Change Edition

UN resolution orders Syria chemical arms destroyed

UN resolution orders Syria chemical arms destroyed

4 min. 28.09.2013 From our online archive
The UN Security Council unanimously passed a landmark resolution Friday ordering the destruction of Syria's chemical weapons and condemning a murderous poison gas attack in Damascus.

(AFP) The UN Security Council unanimously passed a landmark resolution Friday ordering the destruction of Syria's chemical weapons and condemning a murderous poison gas attack in Damascus.

UN leader Ban Ki-moon, who called the resolution "the first hopeful news on Syria in a long time," said he hopes to convene a peace conference in mid-November.

The major powers overcame a prolonged deadlock to approve the first council resolution on the conflict, which is now 30 months old with more than 100,000 dead.

Resolution 2118, the result of bruising negotiations between the United States and Russia, gives international binding force to a plan drawn up by the two to eliminate President Bashar al-Assad's chemical arms.

The plan calls for Syria's estimated 1,000 tonnes of chemical weapons to be put under international control by mid-2014. Experts say the timetable is very tight.

International experts are expected to start work in Syria next week. Britain and China announced that they will offer finance to the disarmament operation.

Divisions over the war remained clear, however, in comments by their foreign ministers after the vote.

"Should the regime fail to act, there will be consequences," US Secretary of State John Kerry warned the 15-member council after the vote sealing a US-Russian agreement.

But Kerry hailed the resolution.

"The Security Council has shown that when we put aside politics for the common good, we are still capable of doing big things," he said.

No automatic punitive measures

There are no immediate sanctions over a chemical weapons attack, an event UN experts confirmed. But it allows for a new vote on possible measures if the Russia-US plan is breached.

Russian Foreign Minister Sergei Lavrov stressed that there were no automatic punitive measures, and that the resolution applied equally to the Syrian opposition.

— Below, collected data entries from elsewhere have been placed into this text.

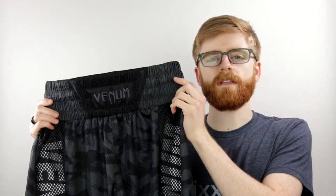Hey, it's Alex from HelixSports.com. Here's an overview of the Venom Elite Boxing Shorts.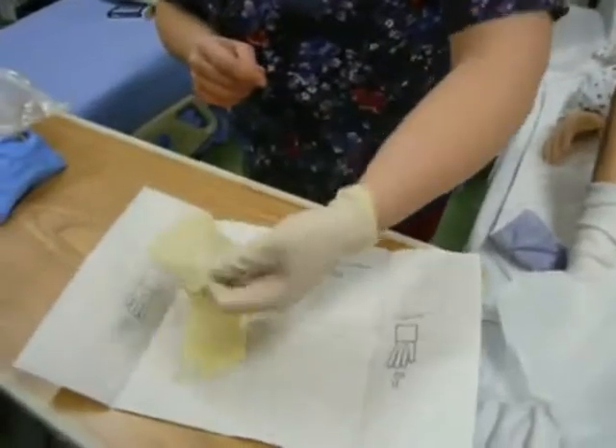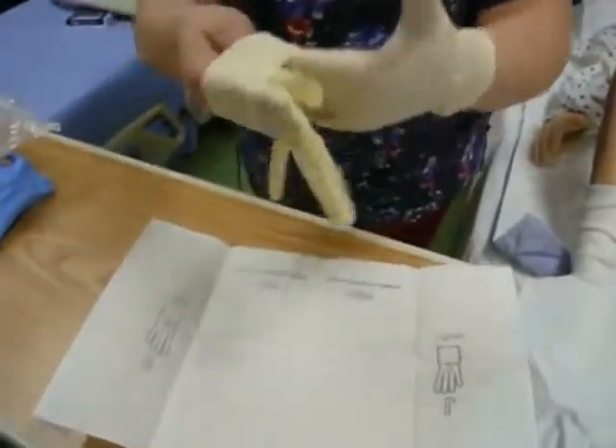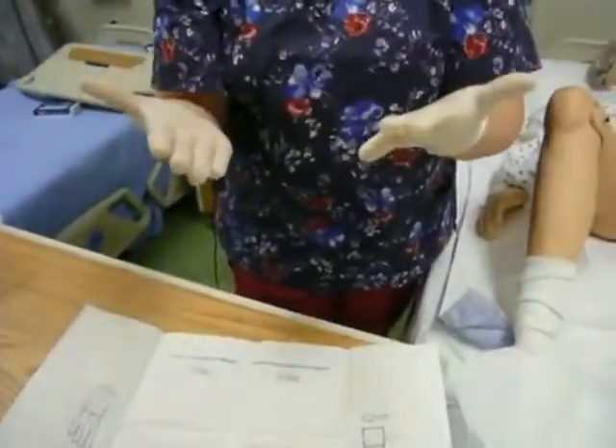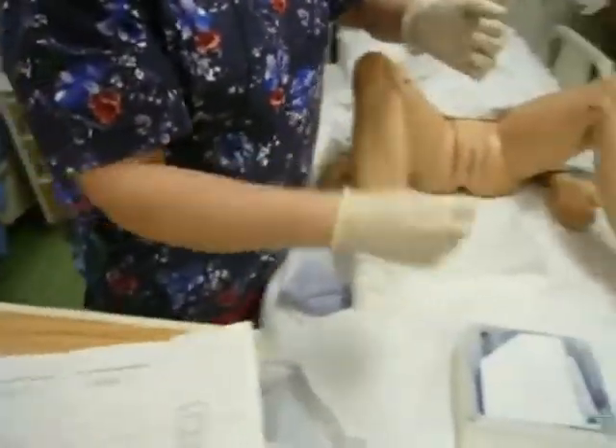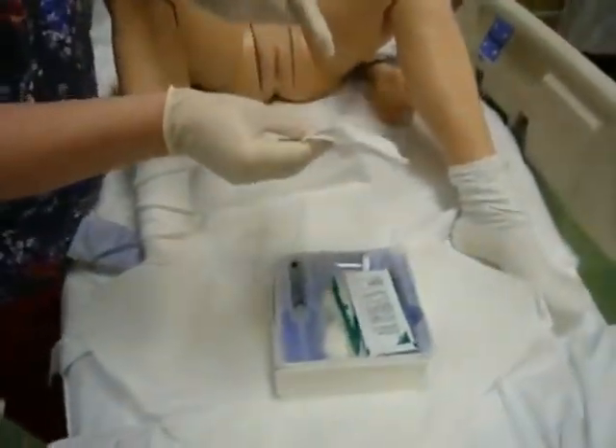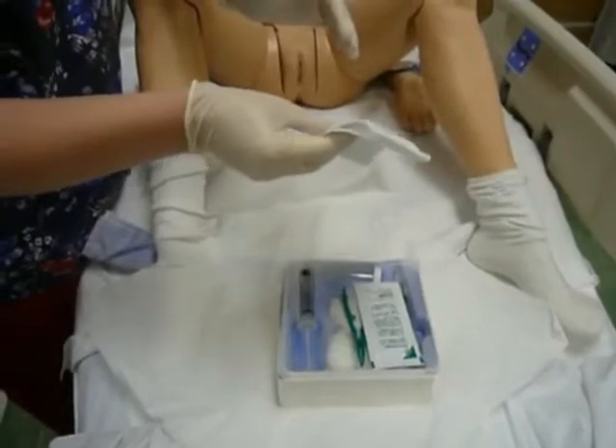The second glove I grab by the cuff, make sure my thumb is out, come up and away, and I'm ready to move back towards my sterile field. This is the fenestrated drape that has a hole in the middle — we don't use that for female cath. My garbage is set up on my bedside table, so you'll see me move supplies off the video screen to put on my garbage pile.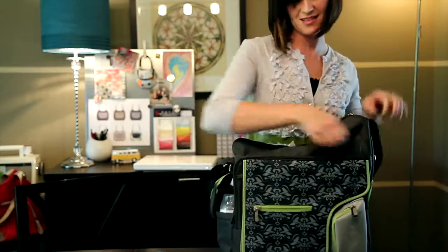We have another large pocket here that unzips. It comes with this full size changing pad and tote.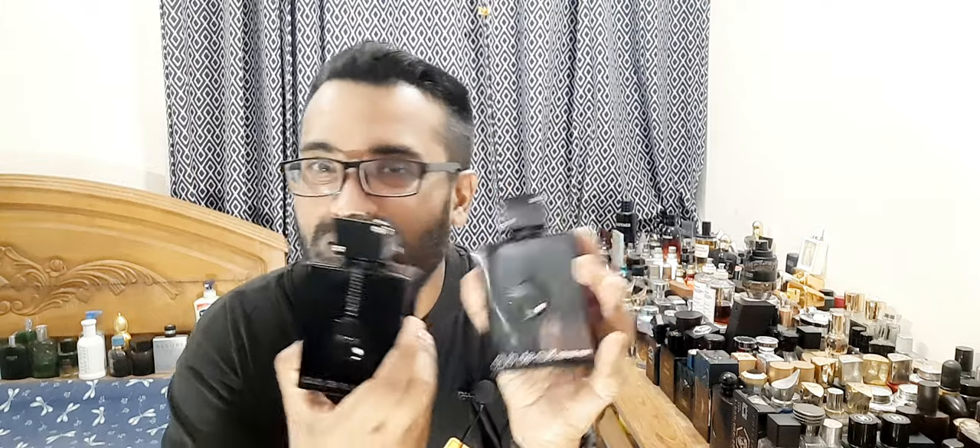If you want to project, here's the trick: if you have the EDT, layer with the perfume or the EDP. You're going to get the desired effect — like how Dior Sauvage EDT, EDP, and Parfum combined give the best experience. Some have vanilla, some have Ambroxan and pink pepper. Same thing with Club de Nuit. But if you have this only, you can wear it by itself with no problem.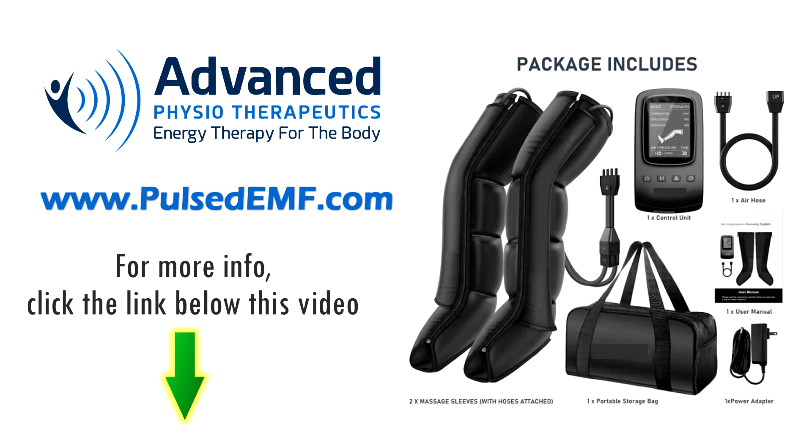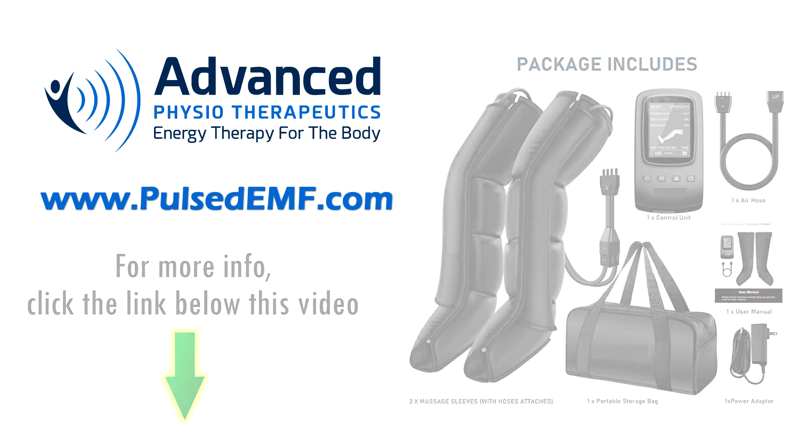For more information, or to purchase an air compression recovery system for yourself, click the link below this video or visit our website, Advanced Physiotherapeutics at www.pulsedemf.com.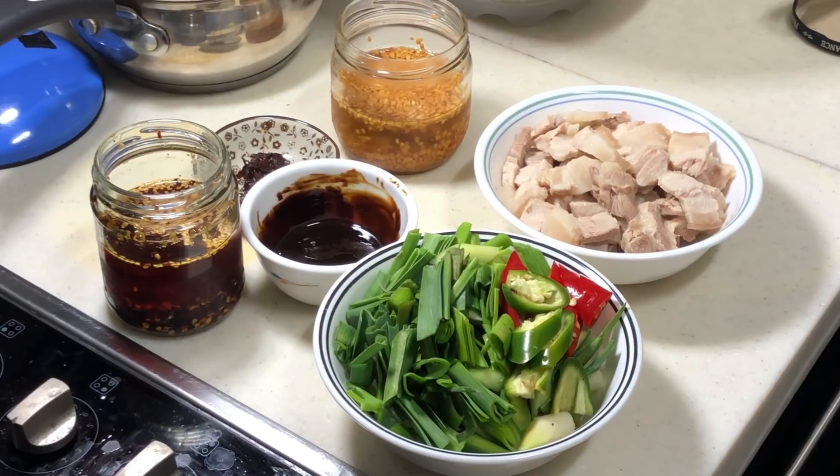Hi, this is Cooking Appa. Today, I'm going to make Hui Guo Rou.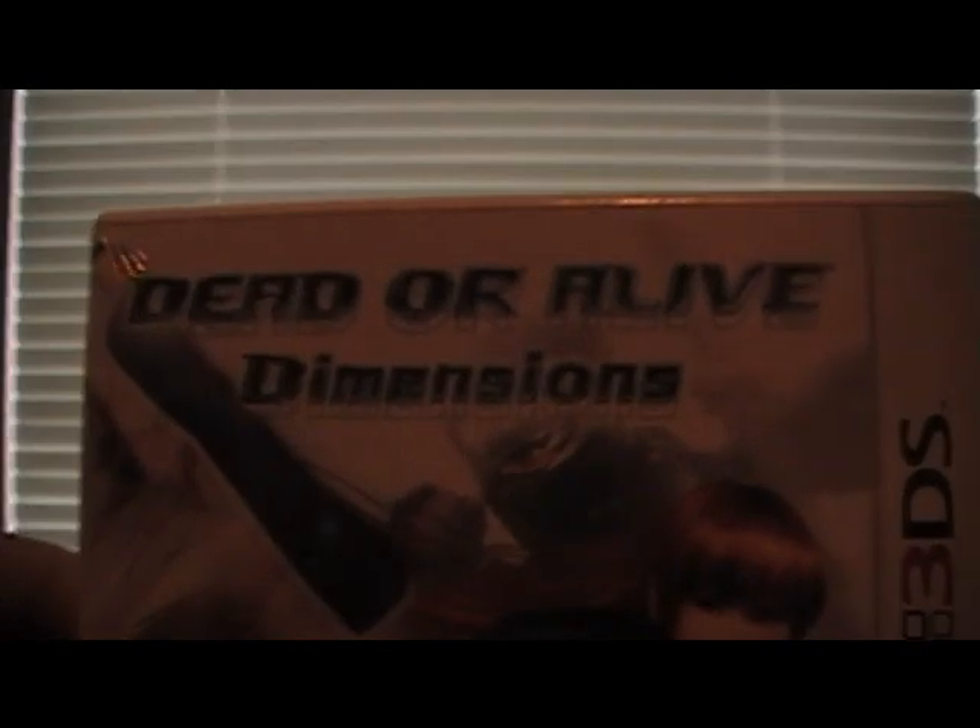Hey everyone, KobonderMani456 here — and guess what I got today? Dead or Alive Dimensions!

He said the council would take "actions which are commensurate with the violations, which will have to proven 100 percent."

Russia, Assad's main ally, has rejected any suggestion of sanctions or military force against Assad. It has already used its veto power as a permanent Security Council member to block three Western-drafted resolutions on Syria.

The resolution "condemns in the strongest terms any use of chemical weapons in the Syrian Arab Republic, in particular the attack on August 21, 2013, in violation of international law."

The United States says the attack on the Damascus suburb of Ghouta left more than 1,400 dead. It blamed Assad's government for the sarin gas assault and threatened a military strike over the attack.

The government has denied responsibility.

Should Syria not comply with the resolution, the Security Council members agreed to "impose measures under Chapter VII of the United Nations Charter."

Syria attacks must be 'accountable'

The charter can authorize the use of sanctions or military force. But diplomats said Russia would fiercely oppose any force against its ally. All sides agreed that new action will require a new vote.

Russia also rebuffed calls by European powers Britain and France for the Ghouta attack to be referred to the International Criminal Court.

The resolution expressed "strong conviction" that those responsible for chemical weapons attacks in Syria "should be held accountable."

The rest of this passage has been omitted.